• [Task to complete]:
What is needed is an exact copy of the records below, with the pictures left out.

• [Data extracts]:

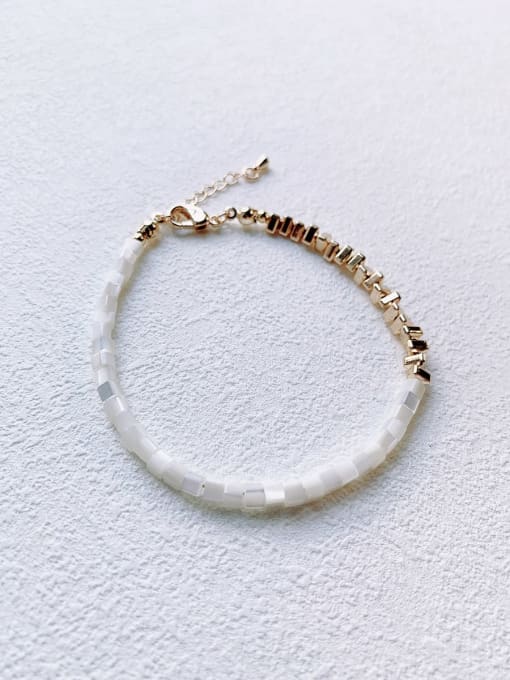 Gold Natural  Shell Beads Asymmetrical Handmade Beaded Bracelet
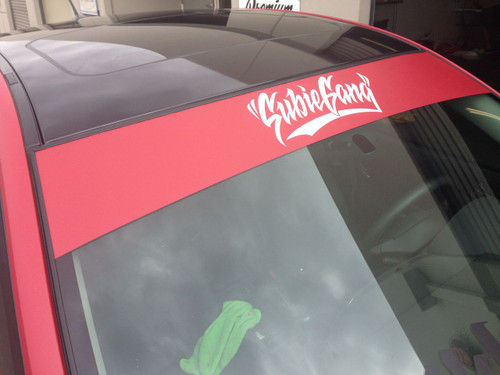 Subie Gang "SCRIPT" Window Banner ( Red / White )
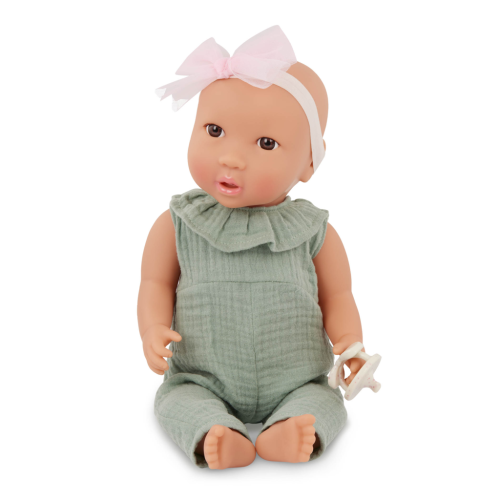 Panenka 35 cm v overalu s čelenkou LullaBaby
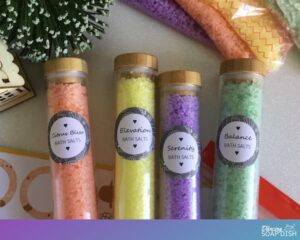 labelled bath salts tubes in four scents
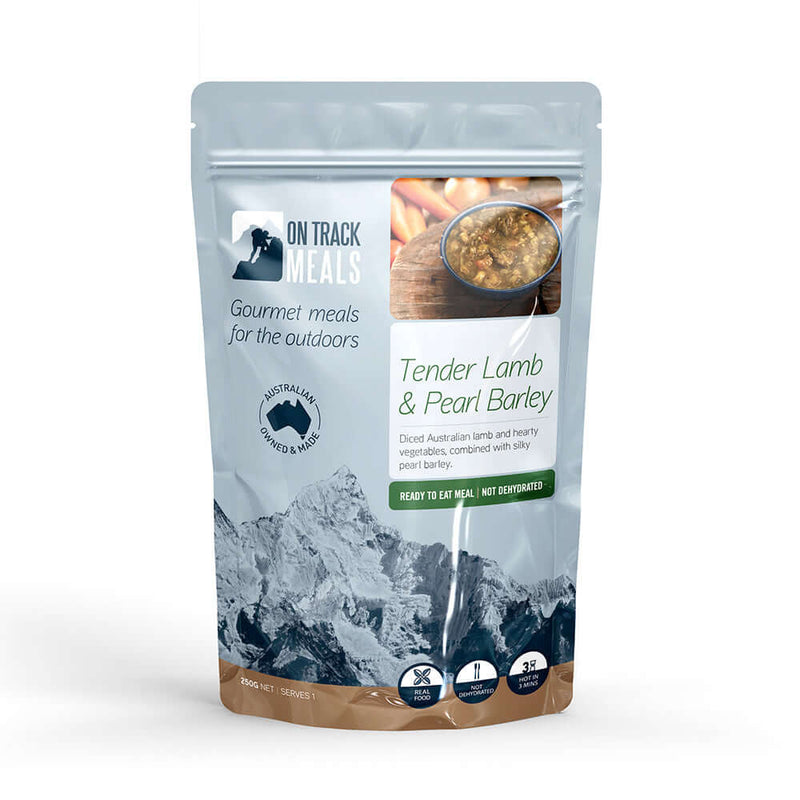 Load image into Gallery viewer, On Track MRE Tender Lamb &amp; Pearl Barley | Adventureco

• [Result of this exercise]:
 Gold Natural  Shell Beads Asymmetrical Handmade Beaded Bracelet
 Subie Gang "SCRIPT" Window Banner ( Red / White )
 Panenka 35 cm v overalu s čelenkou LullaBaby
 labelled bath salts tubes in four scents
 Load image into Gallery viewer, On Track MRE Tender Lamb &amp; Pearl Barley | Adventureco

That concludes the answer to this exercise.